Published online Jun 7, 2013. doi: 10.3748/wjg.v19.i21.3332
Revised: February 18, 2013
Accepted: March 6, 2013
Published online: June 7, 2013
Processing time: 172 Days and 15.2 Hours
AIM: To describe protease serine 1 (PRSS1) gene mutations in patients with autoimmune pancreatitis (AIP) and the clinical features of AIP.
METHODS: Fourteen patients with AIP, 56 with other chronic pancreatitis, 254 with pancreatic cancer and 120 normal controls were studied. The mutations and polymorphisms of four genes involved with pancreatitis or pancreatic cancer, PRSS1, SPINK1, CFTR and MEN1, were sequenced. The pathogenic mechanism of AIP was investigated by comparing the wild-type expression system with the p.81Leu→Met mutant expression system.

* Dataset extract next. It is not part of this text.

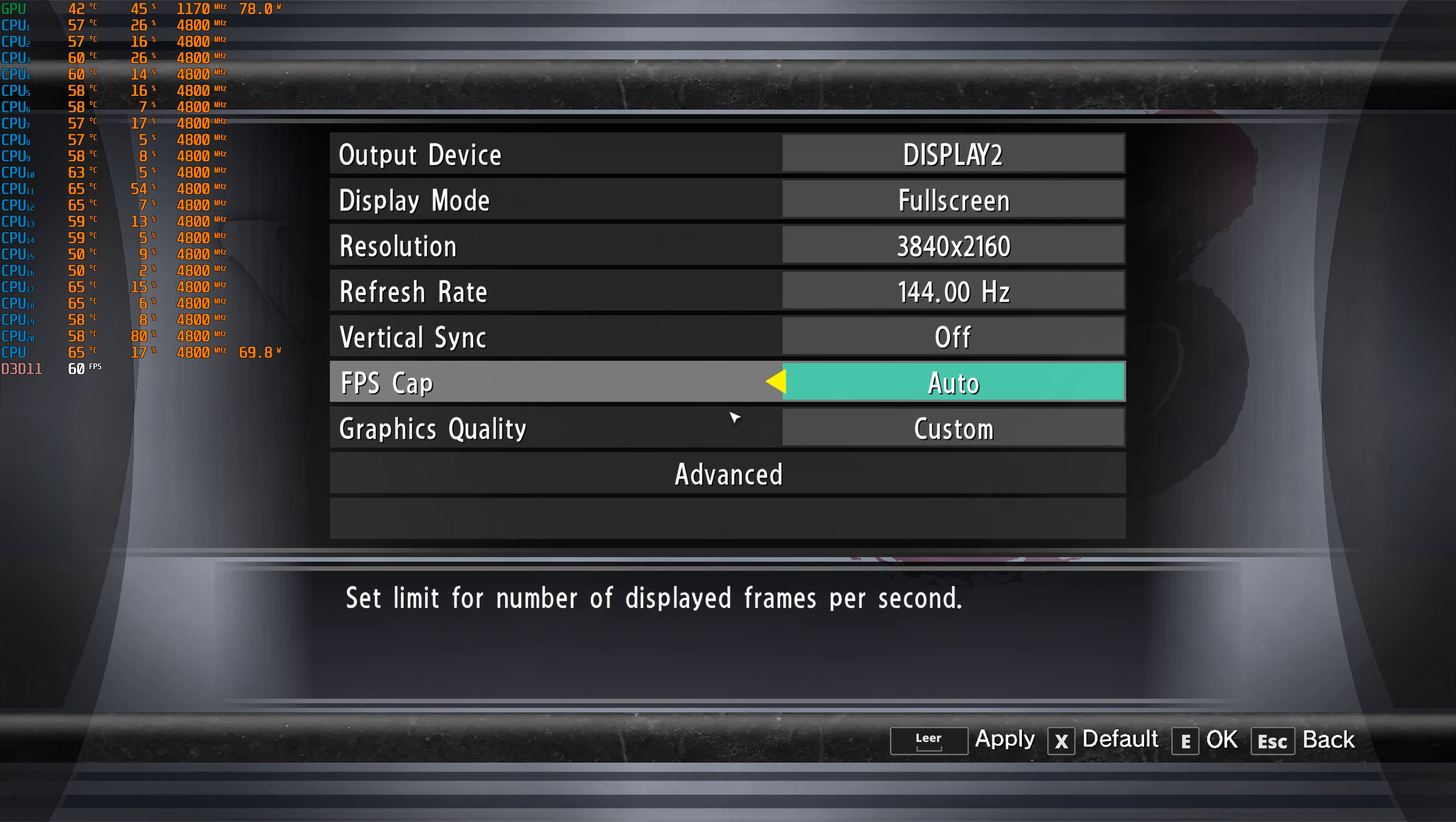There's an FPS cap, sadly. There's 30, 60, or auto. I don't know, maybe it goes above 60, but I don't think so. If it doesn't, I'm gonna just stop the recording because it doesn't make any sense.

RESULTS: Two novel mutations (p.81Leu→Met and p.91Ala→Ala) were found in PRSS1 gene from four patients with AIP. PRSS1_p.81Leu→Met mutation led to a trypsin display reduction (76.2%) combined with phenyl agarose (Ca2+ induced failure). Moreover, the ratio of trypsin/amylase in patients with AIP was higher than in the patients with pancreatic cancer and other pancreatitis. A large number of lymphocytes and plasma cells were found in the bile ducts accompanied by hyperplasia of myofibroblasts.

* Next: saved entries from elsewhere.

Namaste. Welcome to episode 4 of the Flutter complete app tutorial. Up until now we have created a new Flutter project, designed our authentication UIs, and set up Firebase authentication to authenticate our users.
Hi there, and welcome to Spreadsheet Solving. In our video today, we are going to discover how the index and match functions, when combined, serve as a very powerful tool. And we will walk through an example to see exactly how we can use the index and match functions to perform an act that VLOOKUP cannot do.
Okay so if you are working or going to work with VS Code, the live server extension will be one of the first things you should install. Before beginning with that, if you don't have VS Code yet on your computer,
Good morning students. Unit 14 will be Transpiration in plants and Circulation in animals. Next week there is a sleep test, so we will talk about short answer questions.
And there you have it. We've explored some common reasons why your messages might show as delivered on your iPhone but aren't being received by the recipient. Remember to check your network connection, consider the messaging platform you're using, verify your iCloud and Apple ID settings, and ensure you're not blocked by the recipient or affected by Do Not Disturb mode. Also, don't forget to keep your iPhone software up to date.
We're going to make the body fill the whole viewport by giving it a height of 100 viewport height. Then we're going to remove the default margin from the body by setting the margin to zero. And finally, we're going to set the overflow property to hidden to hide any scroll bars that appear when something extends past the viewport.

CONCLUSION: Autoimmune pancreatitis may be related to PRSS1 gene mutations.
Core tip: Novel mutations (p.81Leu→Met and p.91Ala→Ala) were found in protease serine 1 gene from the patients with autoimmune pancreatitis. Trypsinogen abnormal activation resulted in multiple organ injuries. And this offers direct evidence in support of the trypsinogen gene mutation and abnormal immune system.